C’est dans le Livre de Job justement qu’on trouve la première révélation de la division du monde angélique consécutive au mal personnel des créatures spirituelles. C’est une révolution copernicienne par rapport aux textes sacrés des religions traditionnelles. Pour elles, les êtres spirituels étaient automatiquement divins, le fait de ne pas avoir de corps, ou du moins de corps corruptibles, leur conférait, en effet, une pureté immatérielle plus ou moins identifiée avec une sainteté, ou du moins une impunité, morale. Or, ce sujet constitue un des exemples de la purification qu’opère la Révélation biblique dans les perceptions religieuses des traditions. « Les cieux eux-même ne sont pas forcément purs », déclare le Livre de Job. Il distingue nettement la sainteté de l’immatérialité, et le péché spirituel apparaît même comme une impureté bien plus grande que tout péché corporel. L’ouvrage est écrit à l’époque post-exilique ; on y discerne en particulier des emprunts à la religion mazdéenne de la Perse (Iran ancien). Pour cette religion issue de Zarathoustra (lequel n’a rien à voir avec le personnage imaginé par Nietzsche) l’opposition du pur et de l’impur, du bien et du mal, avait assez vite été comprise de manière dualiste comme l’opposition du matériel et du spirituel.

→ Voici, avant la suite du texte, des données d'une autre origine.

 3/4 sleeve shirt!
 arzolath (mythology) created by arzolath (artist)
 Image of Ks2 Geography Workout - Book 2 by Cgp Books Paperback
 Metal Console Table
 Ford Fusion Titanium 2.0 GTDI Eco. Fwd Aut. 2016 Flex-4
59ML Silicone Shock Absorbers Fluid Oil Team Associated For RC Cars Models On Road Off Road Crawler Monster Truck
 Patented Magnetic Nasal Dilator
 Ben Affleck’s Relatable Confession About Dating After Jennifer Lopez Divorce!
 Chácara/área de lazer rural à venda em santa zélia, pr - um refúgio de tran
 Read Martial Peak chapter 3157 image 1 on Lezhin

Or, dans le Livre de Job, la pureté et l’impureté se situent proprement au niveau du cœur, du choix libre des créatures spirituelles vis à vis de Dieu ; et, si cela est vrai pour les hommes, cela l’est a fortiori pour les anges. Il n’y a donc pas de dichotomie, dans l’Écriture, entre un ciel des esprits qui serait établi dans la pureté (parce qu’immatériel) et un cosmos matériel qui devrait être purifié. Si les anges sont saints, c’est parce qu’ils sont eux-mêmes gratuitement élevés par Dieu jusqu’à partager sa vie divine ; c’est donc par grâce qu’ils sont saints, et la grâce a œuvré dans leur esprit comme elle œuvre dans notre cœur [1]. Cela montre encore une fois que nous constituons les uns avec les autres l’unique famille de Dieu.

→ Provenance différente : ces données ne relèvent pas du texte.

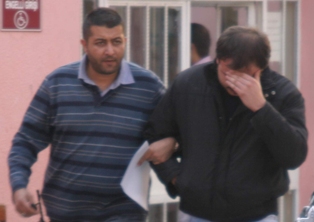 Firari sürücü yakalandı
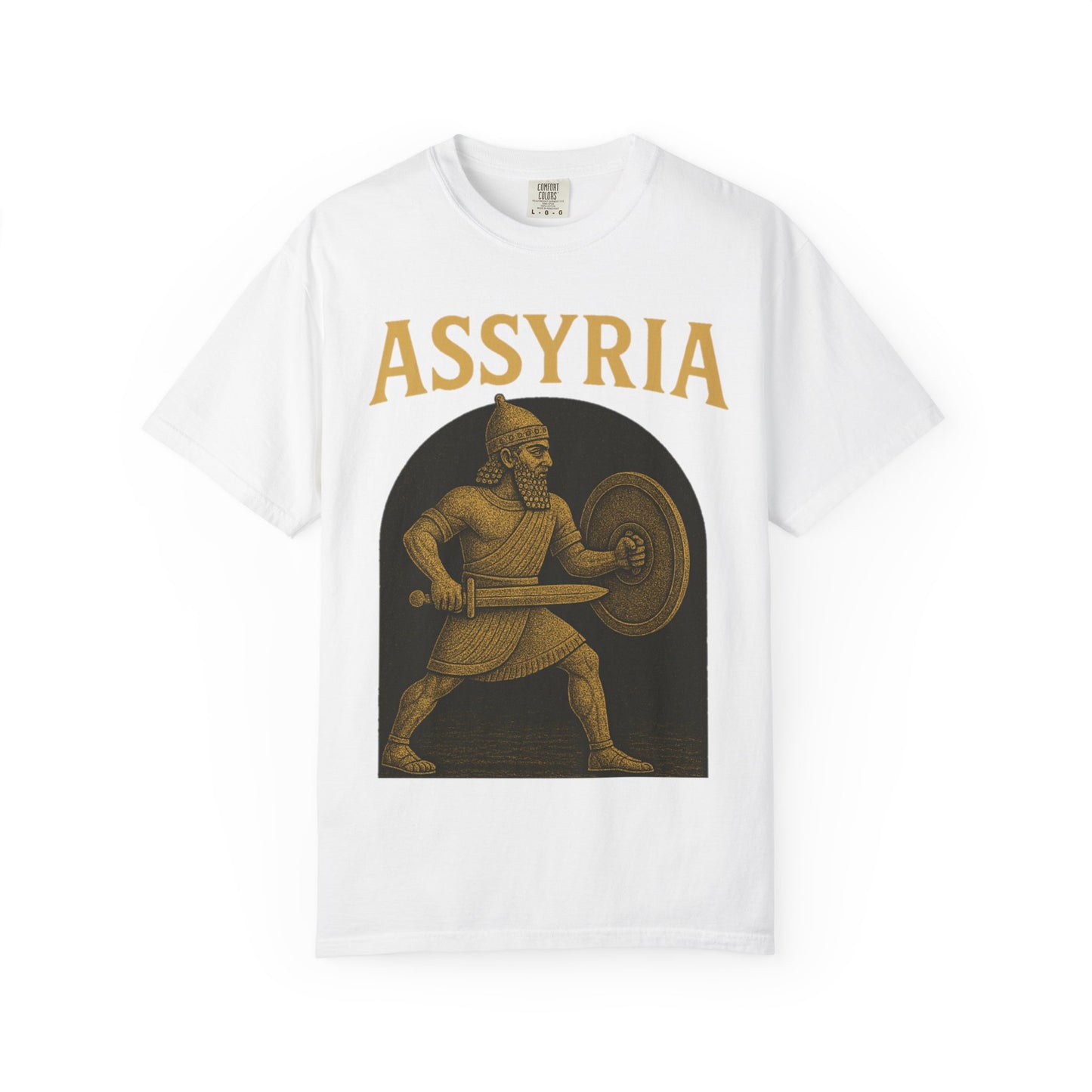 Assyrian Swordsman Tee (Unisex)
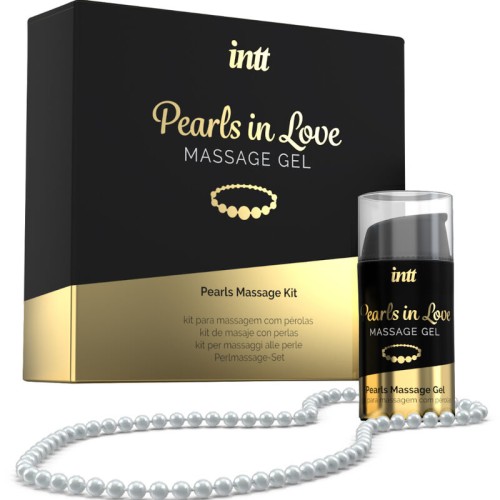 Pearls In Love Kit con Collar de Perlas y Gel de Silicona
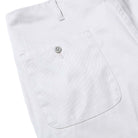 Yankshire C1950 Peg Top Chino Trousers Stone-Chinos-Clutch Cafe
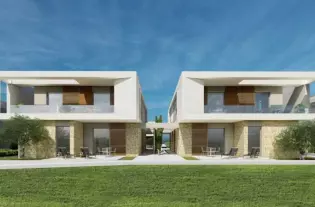 Эксклюзивные апартаменты в самом красивом уголке Северного Кипра (002497)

Ainsi, l’ange apporte comme un resplendissement de la gloire de Dieu, gloire dans laquelle il est entré par grâce, en vertu d’une miséricorde voulue gratuitement par Dieu dans la providence de son dessein créateur. En effet, la grâce n’est pas seulement grâce de rédemption (il n’y a pas eu de rédemption pour les anges), elle est d’abord grâce de divinisation. Celle-ci les a fait passer de leur condition de créature à la communion avec la vie de la Trinité. Les bons anges ont répondu à la grâce ; ils ont fait l’expérience du passage de la connaissance naturelle de Dieu dans ses attributs essentiels à la connaissance surnaturelle de Celui-ci dans sa vie trinitaire. Ils sont entrés par la foi, l’espérance et ultimement la charité dans la communion du Père, dans le Fils par l’Esprit. Ce passage, l’ange peut en mesurer le caractère décisif certainement encore plus que nous ; étant beaucoup plus près de Dieu, il peut concevoir beaucoup mieux que nous l’immense grâce qui lui est faite, et par là même être d’autant plus tenté de la refuser par orgueil. […]

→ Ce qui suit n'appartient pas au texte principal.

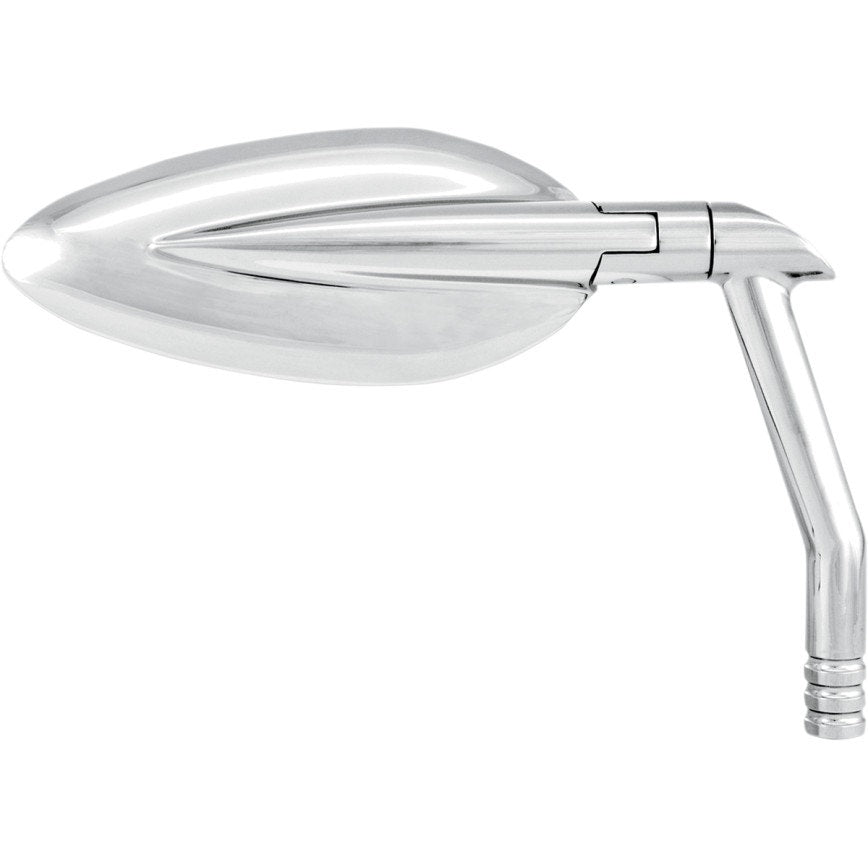 Performance Machine PM Chrome Vision Blade Handlebar Mirror Harley FLH Softail Dyna XL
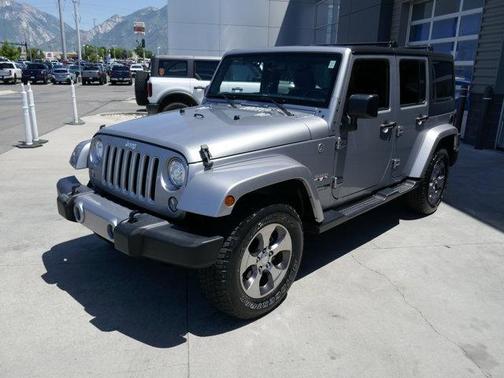2018 Jeep Wrangler JK Unlimited Sahara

La Sainte Écriture nous présente toujours le péché de l’ange et l’adoption de l’homme comme imbriqués l’un dans l’autre. Il n’y a pas une aventure angélique qui serait une préface de l’histoire, puis une aventure humaine qui en serait la conclusion. C’est une unique histoire sainte. L’aventure spirituelle des anges et celle des hommes sont inextricablement liées, pour notre joie et pour notre tristesse ; en fait, c’est la même aventure ; ensemble, anges et hommes, nous avons péchés. En conséquence, c’est dans le salut du Christ que nous, les hommes, sommes réintégrés dans la famille des premiers-nés, c’est-à-dire des anges qui ont accepté à l’origine le dessein bienveillant de Dieu sur sa création.
[1] Écho de la sainteté angélique dans le Nouveau Testament : Mc 8, 38 ; Lc 9, 26 ; Ac 10, 22 ; Jn 14 ; Ap 14, 10.